Asked to describe his own role as a teacher, Leax smiles and says simply, "Stay out of the way as much as possible."

"He's someone who pushes students, and he's not a hand-holder at all," says Giardina, now working in Los Angeles as the assistant designer for Halston. She credits Leax with encouraging her to create a broad, nontraditional portfolio.

"He's there every studio day, which is a great example, showing how to really follow through on your obligations as an artist," Giardina continues. "He also likes to make it fun. I think what matters is that you have professors like Ron who give you a strong background and then let you do something new and different."

"I've always enjoyed the classroom," Leax says. "I think sometimes there's this idea that the teacher is the giver all the time, when actually in the studio there's pretty rich invention coming back to you from the students, which invigorates the teacher.

"As you go up the academic ladder, from the introductory students to the upper-level students to the graduate students, teaching gets more complex," he adds. "Students begin to think that they know it. At the upper stages, in particular, I try to do very little telling. I try to do more listening. Then I offer a response, and the student and I have a discussion. Then the student is responsible for drawing conclusions and taking directions out of it."

Leax also worked for almost 10 years to develop and implement the national curriculum for advanced placement in three-dimensional design, a program that allows high-school students to pursue college-level studies for college credit.

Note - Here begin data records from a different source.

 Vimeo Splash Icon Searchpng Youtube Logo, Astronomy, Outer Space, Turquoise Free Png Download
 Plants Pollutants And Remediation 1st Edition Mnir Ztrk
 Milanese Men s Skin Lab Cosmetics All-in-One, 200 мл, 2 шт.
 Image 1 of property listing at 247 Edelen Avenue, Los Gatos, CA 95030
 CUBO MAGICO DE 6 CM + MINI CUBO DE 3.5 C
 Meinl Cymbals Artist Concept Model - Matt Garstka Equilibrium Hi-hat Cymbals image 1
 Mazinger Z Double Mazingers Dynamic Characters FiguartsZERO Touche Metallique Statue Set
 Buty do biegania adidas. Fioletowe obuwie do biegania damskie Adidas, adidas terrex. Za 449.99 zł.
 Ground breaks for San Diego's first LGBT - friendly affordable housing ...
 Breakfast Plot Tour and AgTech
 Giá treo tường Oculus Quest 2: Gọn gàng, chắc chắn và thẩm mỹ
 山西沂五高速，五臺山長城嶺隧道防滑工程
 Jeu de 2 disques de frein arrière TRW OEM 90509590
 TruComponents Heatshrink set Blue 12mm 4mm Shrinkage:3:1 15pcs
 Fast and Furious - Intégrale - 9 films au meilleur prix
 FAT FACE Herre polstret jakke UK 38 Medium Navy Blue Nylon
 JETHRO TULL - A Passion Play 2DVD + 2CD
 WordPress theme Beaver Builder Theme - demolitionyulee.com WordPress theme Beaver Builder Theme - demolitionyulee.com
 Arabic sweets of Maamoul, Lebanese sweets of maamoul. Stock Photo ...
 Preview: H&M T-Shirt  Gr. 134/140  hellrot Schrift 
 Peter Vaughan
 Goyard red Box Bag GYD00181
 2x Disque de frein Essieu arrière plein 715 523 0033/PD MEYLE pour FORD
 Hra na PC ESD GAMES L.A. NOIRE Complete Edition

"I'm always working on a multiplicity of things," Leax says, gesturing to the many drawings in his studio. "But now I'm really enthralled with the forms that come out of laboratories. As an artist you always try to go over the top a little bit, so I'm kind of in tin-foil city right now, aestheticizing the scientist aesthetic."

Yam House (detail), 92" x 124" x 108"; mixed materials; 1983.

While Ron Leax's work may seem to exhibit a certain emotional detachment (you'll find no smiling portraits in his studio), in reality it is a very humanistic study of the way people interact with their environment.

"He's blending his love for science with his art and articulating his views of science through his art," Giardina says.

His drawings intrigue because they are not drawings at all in the traditional sense. He employs wine and oils and other unexpected materials. They're sprinkled, they're splashed. Coffee cup rings share the paper with candle wax drippings.

It is an evocative exploration of experience. He was in Florence, Italy, when he created many of these drawings, and the materials he used reflect his activities there.

His current body of work manipulates the iconography of medical technology, offering a very personal—and sometimes mocking—response to a cold and sterile scientific world with which we, as humans, often cannot comfortably coexist.

"Everything is designed, everything is engineered—and often badly designed and badly engineered," Leax says. "How do we address that? How does it affect us? How do we really use it?"

There's the science part. Next to one piece, which is covered with clear plastic, stands a bottle of blue cleaning spray.

"Yes, the plastic bag is part of the sculpture," Leax says. "The cleaner isn't, but I just like that color."

That's the art part. It's a rare and intriguing blend.

Terri McClain is a free-lance writer based in St. Charles, Missouri.